• Data below:
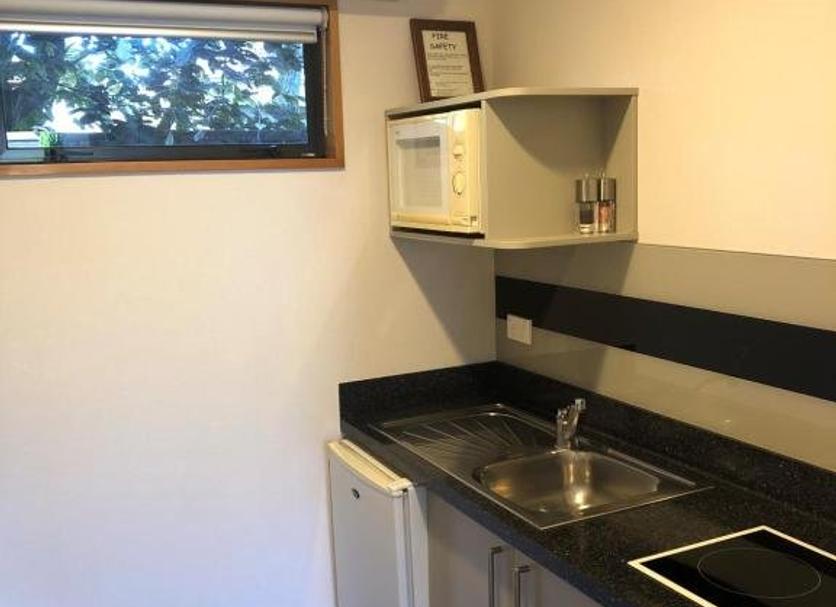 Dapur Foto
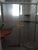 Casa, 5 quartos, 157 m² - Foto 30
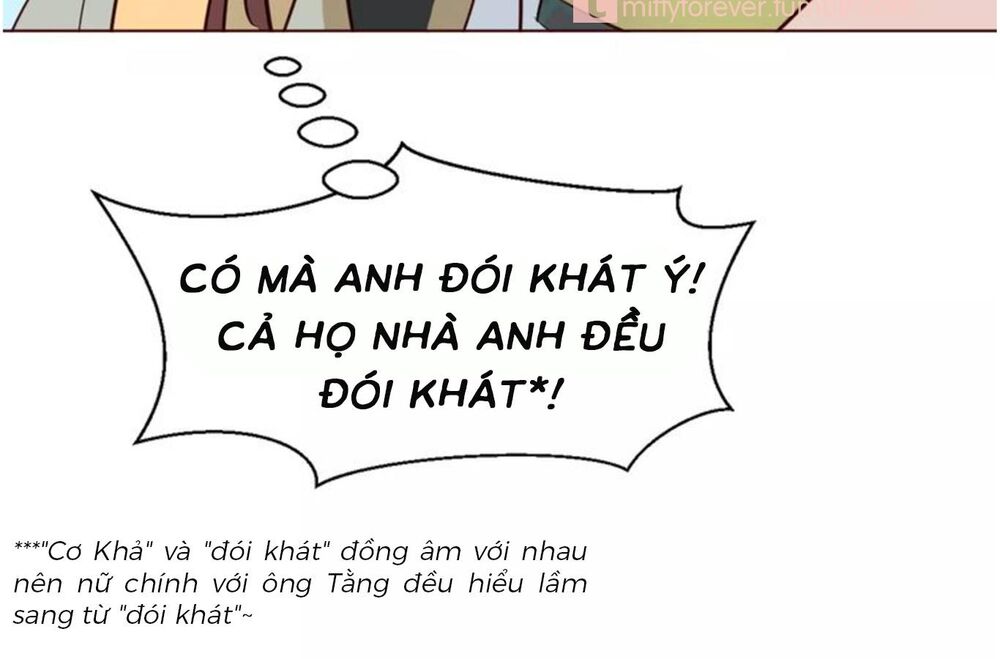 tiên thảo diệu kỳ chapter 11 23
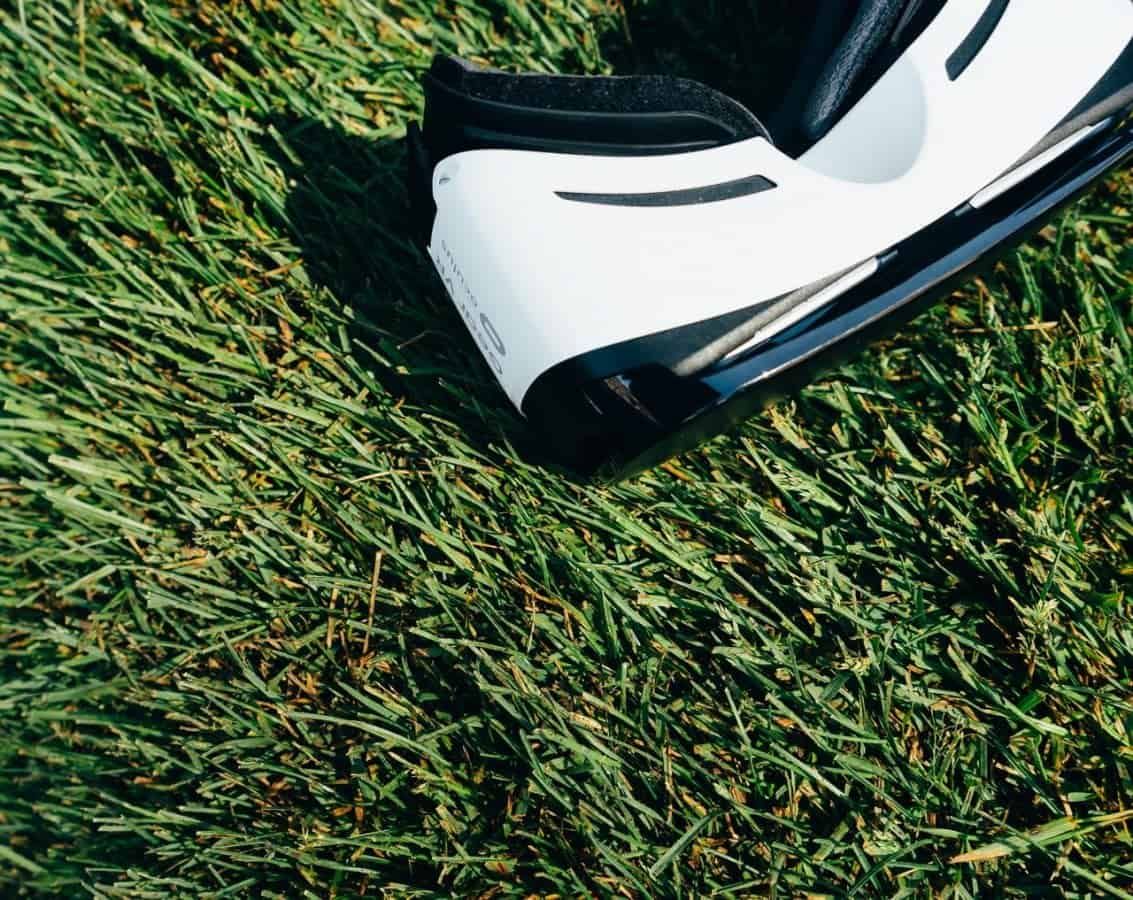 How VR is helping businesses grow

• Task instructions: Repeat the listing in full and exactly. Do not include any images.

• Response for this exercise:
 Dapur Foto
 Casa, 5 quartos, 157 m² - Foto 30
 tiên thảo diệu kỳ chapter 11 23
 How VR is helping businesses grow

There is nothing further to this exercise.